Once you wear the Maple Leaf, it never comes off

Dec 29, 2025 | 6:00 AM

While Canada’s best young players are once again pulling on the maple leaf and commanding the country’s attention at the World Junior Hockey Championship, one familiar name around Kelowna knows exactly what this moment feels like.

It was 15 years ago this month that current Kelowna Rockets assistant coach Brandon McMillan was living it.

The year was 2010. The World Juniors were on home soil, split between Regina and Saskatoon. McMillan wasn’t just watching from his couch; he was wearing the Canadian jersey, chasing gold, and playing in one of the most memorable championship games the tournament has ever seen.

“I knew I was on their [Hockey Canada’s] radar,” McMillan said. “I went to the summer camp, started the season well, then I broke my foot and missed about a month. You always wonder if they’re still thinking about you.”

Back then, making Team Canada meant surviving a true grind. Nearly 40 of the country’s top junior players were brought together for a full training camp, five to seven days of practices, intrasquad games, and exhibition action with coaches watching everything.

“It was more of a competition back then,” McMillan explained. “They wanted to see everyone together before making those final decisions.”

McMillan arrived not as a flashy scorer, but as a player who understood his identity.

“I think I brought something different,” he said. “I was more of a role player.
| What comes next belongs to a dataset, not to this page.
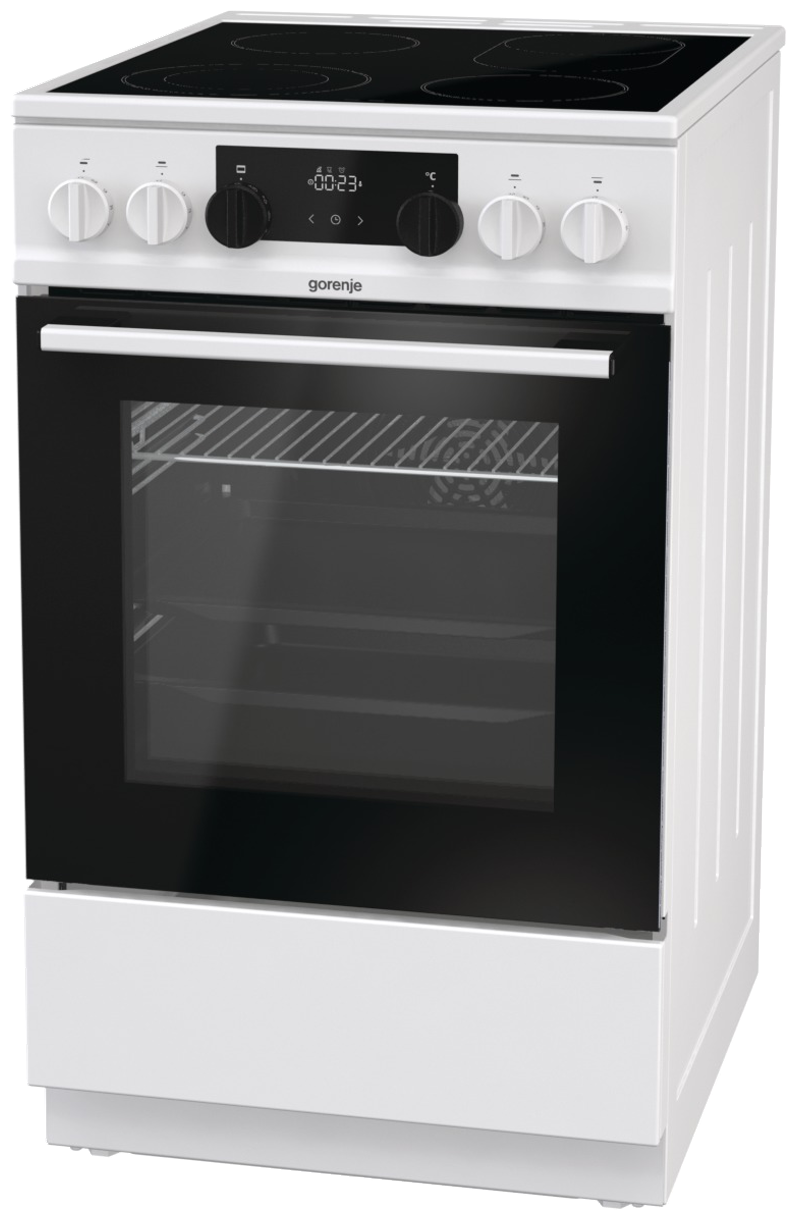 Электроплита Gorenje ECS5350WA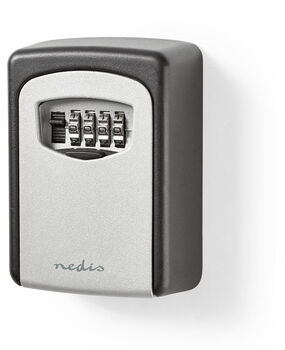 Nedis lyklabox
That’s where I fit, doing the work, competing, helping the group gel.”

Sometimes, timing helps too.

McMillan still remembers a night in Kelowna when then-Rockets coach Ryan Huska gave him a quiet nudge before puck drop.

“He told me Willie Desjardins was coaching against us that night, and that he was also the head coach of Team Canada,” McMillan recalled with a laugh. “I went out and had a really good game. Maybe that stuck.”
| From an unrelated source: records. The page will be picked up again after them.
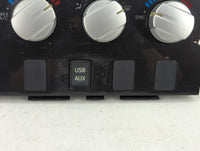2010-2013 Toyota Tundra Climate Control Module Temperature AC/Heater Replacement P/N:84010-0CC62 MX237000-4082 Fits OEM Used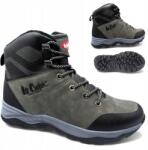 Lee Cooper Férfi sportcipők Téli bélelt trekking cipő Lee Cooper 44 (Lee Cooper LCJ-23-01-2044M 44)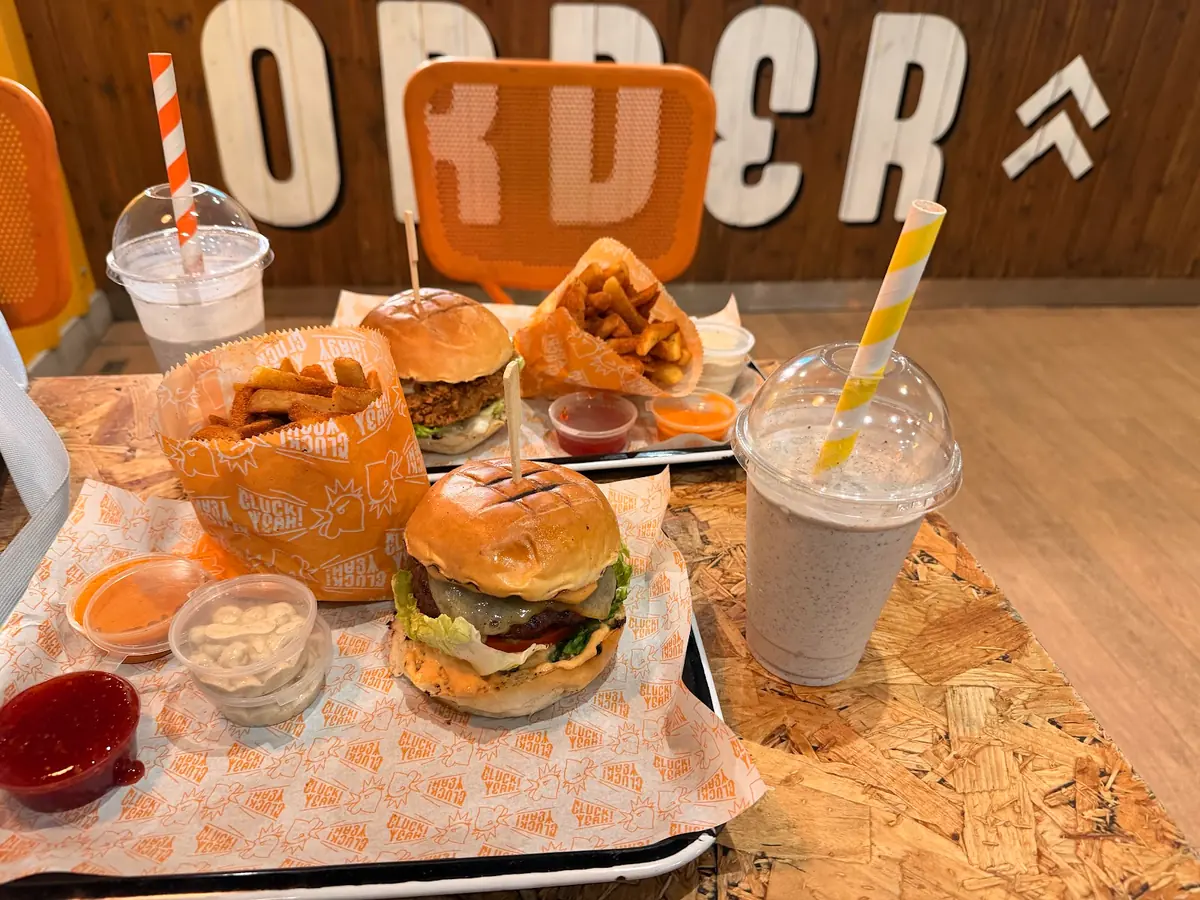 Cluck Yeah! photo (photo 2 of 3)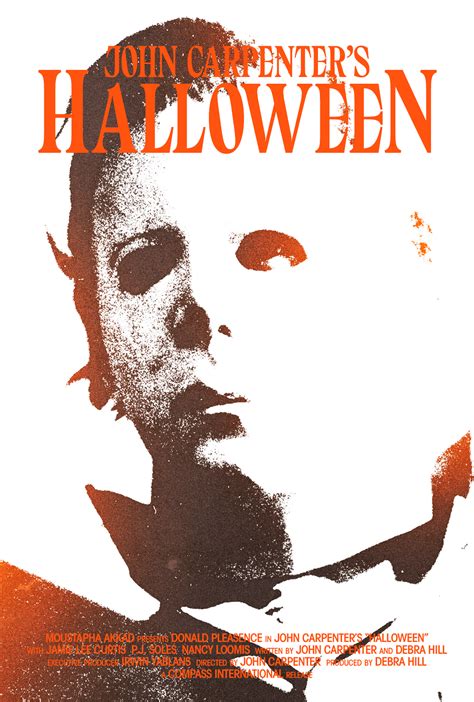 Horror Posters | Behance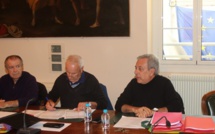 Martine Vergnol succède à Eric Rochault au Conseil municipal de Calvi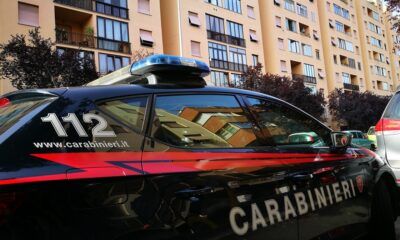 Carabinieri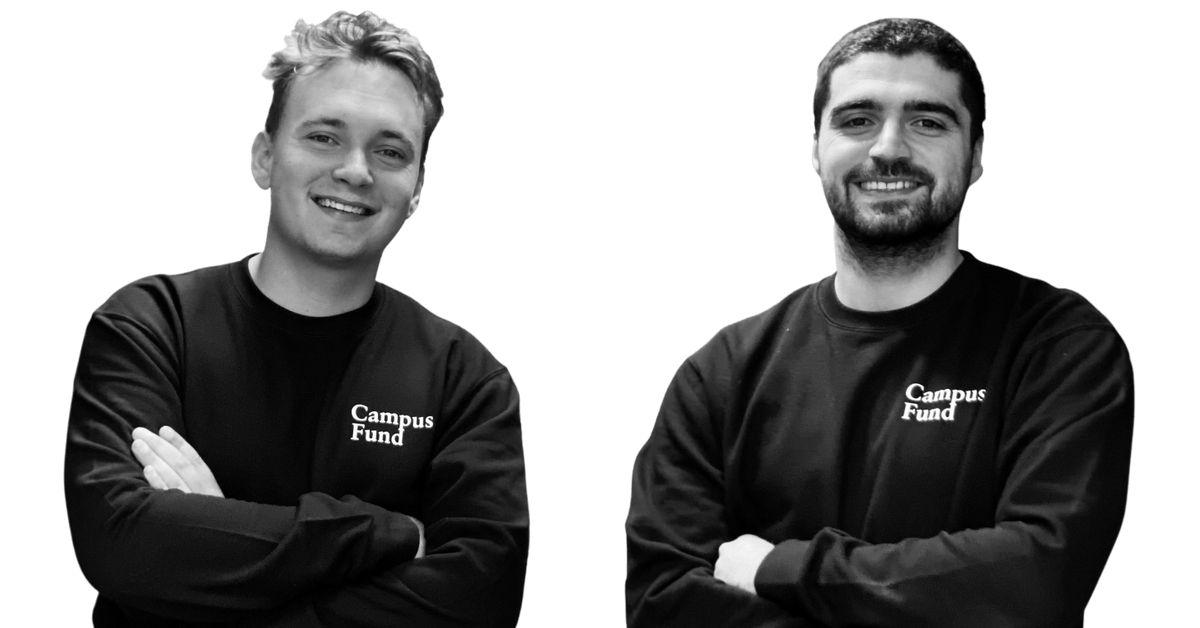 Campus Fund lève 1,5 million d’euros pour financer de nouvelles startups étudiantes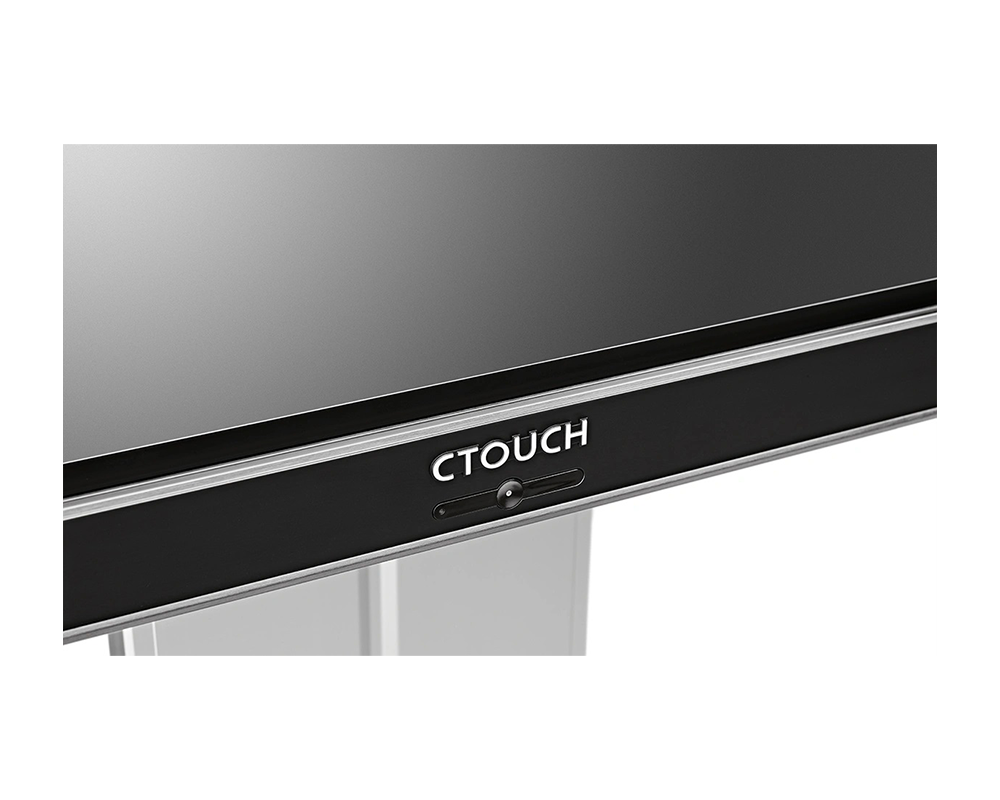 Refurbished Ctouch Laser air + 70 inch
Desjardins did notice. McMillan made the team.

Training camp set up shop in Regina, with an exhibition game in Calgary before the team moved on to Saskatoon for the tournament itself. Canada’s roster was loaded. Taylor Hall, Brayden Schenn, Nazem Kadri, Jordan Eberle, a group that mirrors today’s World Junior teams packed with first-round talent.

“We had an unbelievable group,” McMillan said. “Really strong forwards, strong defence. Every game was tight, intense. Just like you see now.”
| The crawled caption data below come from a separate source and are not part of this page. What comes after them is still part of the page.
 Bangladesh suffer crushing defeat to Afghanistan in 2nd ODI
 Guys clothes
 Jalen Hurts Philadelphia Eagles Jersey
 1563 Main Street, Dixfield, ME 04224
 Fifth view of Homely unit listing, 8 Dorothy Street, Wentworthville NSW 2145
Canada’s tournament ended in heartbreak — a 6-5 overtime loss to the United States in the gold medal game.

“That one was tough,” McMillan admitted. “Four-on-four overtime. We had a great chance at one end, didn’t score, and they came back on a two-on-one and finished it. That’s hockey.”

The final was chaos in the best and worst ways. Both goalies were pulled late. The game was tied 5-5 going into overtime. One bounce decided gold and silver.

“Pretty crazy game,” McMillan said. “But I’m thankful to have been part of it.”

McMillan finished the tournament with eight points in six games — production that surprised even him.

“I was never known as a gifted offensive guy,” he said. “My offence came from work, compete, and playing with really skilled players. My job was to get the puck back, get it to them, and good things happened.”

Despite the pressure that comes with wearing the Canadian jersey in a hockey-mad country, McMillan says he never felt overwhelmed.

“Maybe I was just young and naive,” he said. “I didn’t feel the pressure. I was present. I just played. I think that’s why things went well.”

That lesson still resonates today, especially as a coach watching the next generation navigate the same spotlight.

Discipline, he says, remains just as critical now as it was then.

“The power play at this tournament is huge,” McMillan said. “If you take bad penalties, that can be the turning point. We talked about that a lot.”

As for the silver medal?

“I don’t even know where it is right now,” he said with a smile. “Probably in a safe somewhere.”

But the memories are easy to find.

The stick he used in the tournament, signed by his teammates, still sits in his garage. The jersey hangs high above it.

“Making that team and wearing that jersey at the World Juniors,” McMillan said, “that’s one of the top experiences of my hockey life. Talking about it now brings it all back.”

Fifteen years later, as Canada chases another championship and a new group of teenagers carries the weight of a nation’s expectations, Brandon McMillan’s story is a reminder:

The games are still tight.

The margins are still thin.

And once you wear that jersey,  even for a moment, it never really comes off.